Even when a woman gets her own order authorized, like Mother Teresa, it’s women who end up doing the cooking and cleaning and nursing and little detachments of men who get to do the fun proselyitzing.

This was an example of not knowing you were having a peak experience at the time you were having it and mistakenly assuming that it was the forerunner of many equal experiences waiting for you onward in life.

…if I died there, no one in his right mind would regard it as a tragedy. I would be in the category of an aerialist falling to her death. Or I would be entitled to the species of commiseration people get who show up at parties on crutches but who got injured skiing at Gstaad… It would be sad but not that sad.

My bet is that, all things considered, no woman would have voted to have the washhouse, the stores house, the central kitchen and the Sekopololo offices located at the top end of a long though gentle ramp. We inhabit male outcomes.

The book was more interesting when it dealt with the tensions and subtle shifts in power within Tsau, and issues of race and gender. Despite the narrator’s understanding of Setswana language and culture (and often trying to educate Nelson about it), most of the couple’s references remain resolutely Eurocentric. The author did spend five years in Botswana, but you know my feelings about ‘it’s not the length, it’s the intensity’ of experience, as I know many expats who spent over twenty years in a place and still didn’t really understand the culture.

I liked the fact that Norman Rush did not feel the need to dumb down his ideas or his prose – this is a very dense piece of work, full of historical and political detail, full of literary and philosophical allusions. It also contains very frank descriptions of sex – although the true seduction here is of two minds in conversation. It feels like a novel in which the author has, just like his creation, poured out the best of himself – everything he had.

The Kalahari Desert, from müvTravel

This unusual book won’t be for everyone: it has an overabundance of style and content. I suppose the best way to think about it is that the narrator is making field notes – that indispensable element in the anthropologist’s toolkit, which is at once an observation of the external – the people around you, the rites and habits and patterns – but also of the internal: how you interact with your surroundings and how you are changed by what you observe. Rush seems to adopt the ‘impressionist’ style of ethnography, i.e. holding back on his own selection and interpretation, and simply giving us the unvarnished writings of the narrator, leaving it to the reader to make of it what they would. I understand why he does that, but I do wish he could have exercised some editing on occasion.
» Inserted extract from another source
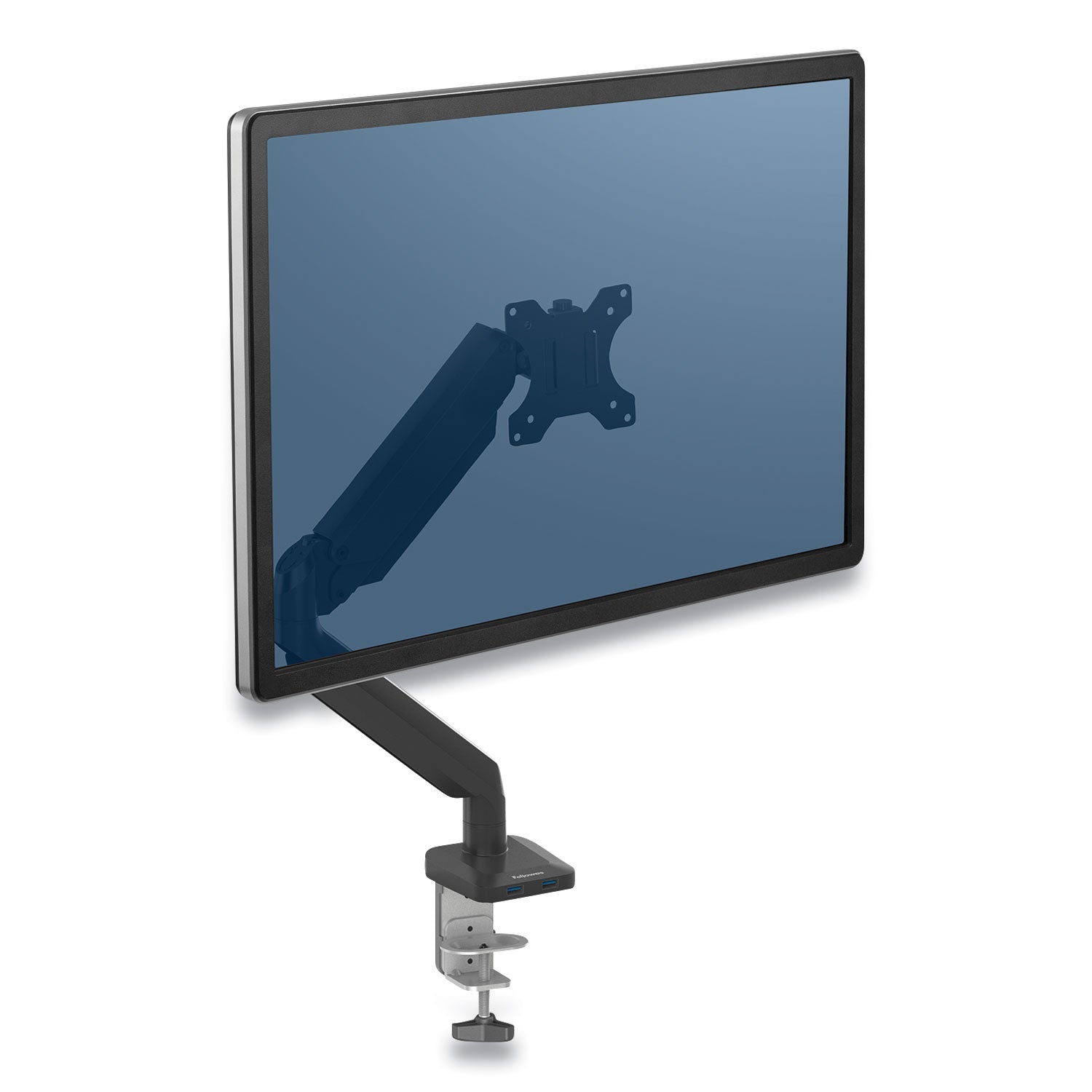 platinum-series-single-monitor-arm-for-30-monitors-360-deg-rotation-180-deg-tilt-360-deg-pan-black-supports-20-lb_fel8043301 - 8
I wanted to incorporate everything, understand everything, because time is cruel and nothing stays the same.

5 thoughts on “Expats Writing: On the Prowl in Africa”
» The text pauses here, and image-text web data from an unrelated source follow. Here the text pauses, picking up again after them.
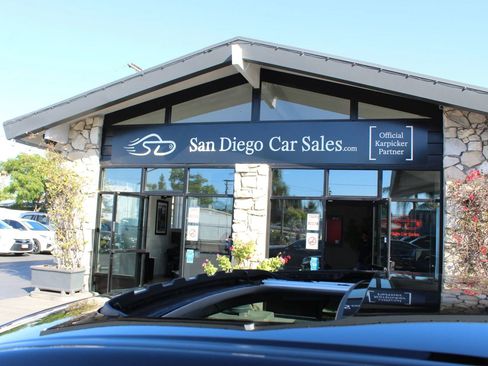 Used 2009 Honda Accord EX-L image 28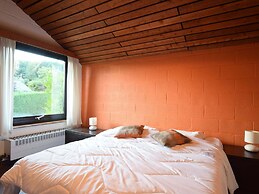 Cozy Villa in Vielsalm With Private Garden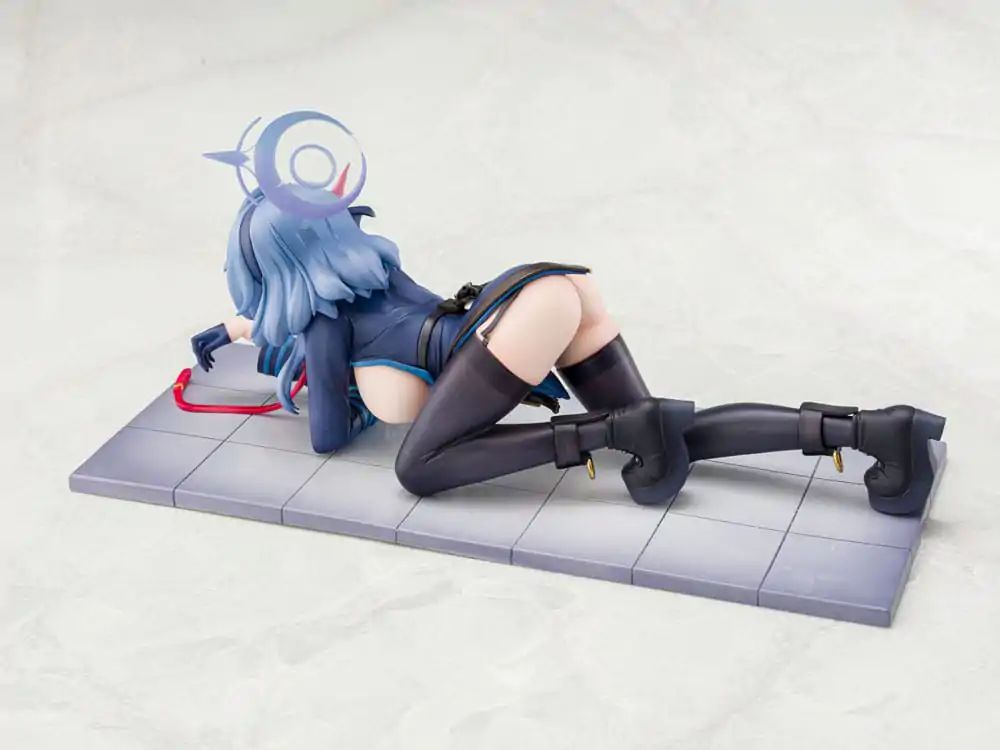 Blue Archive PVC kip 1/7 Ako Memorial Lobby Ver. 23 cm fotografija izdelka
  1. That’s an interesting approach to looking at a society and a race and class within it, Marina Sofia. The setting for the book interests me, too, as does the main character (although I can see how she could be a bit off-putting, too). I do know what you mean about the editing; it’s funny how those extended conversations can weight a story down, although dialogue also sometimes has the opposite effect. I do like that wit, too…

    1. It was an unusual book, in that it didn’t infantilise the reader – it didn’t make concessions or over-explain – which seems to happen rarely now, but was perhaps more common in books from the 1950s.

  2. The narrator seems to have a very distinctive voice, moulded by their chosen discipline and profession, and not a bit dispassionate in their observations – such an individual and almost cold intellect, from the passages you’ve quoted. I can imagine it must be mesmerising, wondering what trajectory she’s going to take.